GIVEN RECORDS:

--*--

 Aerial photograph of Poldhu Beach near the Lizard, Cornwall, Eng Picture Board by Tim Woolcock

--*--

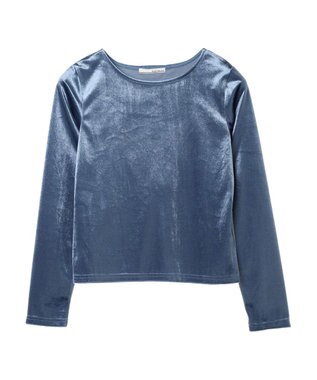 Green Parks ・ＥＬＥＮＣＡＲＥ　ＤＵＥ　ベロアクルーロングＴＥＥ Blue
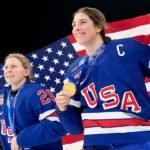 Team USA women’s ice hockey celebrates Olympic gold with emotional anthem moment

--*--

TASK ITEM: Leave the pictures out. Output, exactly, the lines of the material above starting at the line containing "Green Parks ・ＥＬＥＮＣＡＲＥ　ＤＵＥ　ベロアクルーロングＴＥＥ Blue" and ending at the line containing "Team USA women’s".

OUTPUT FOR THIS EXERCISE:
 Green Parks ・ＥＬＥＮＣＡＲＥ　ＤＵＥ　ベロアクルーロングＴＥＥ Blue
 Team USA women’s ice hockey celebrates Olympic gold with emotional anthem moment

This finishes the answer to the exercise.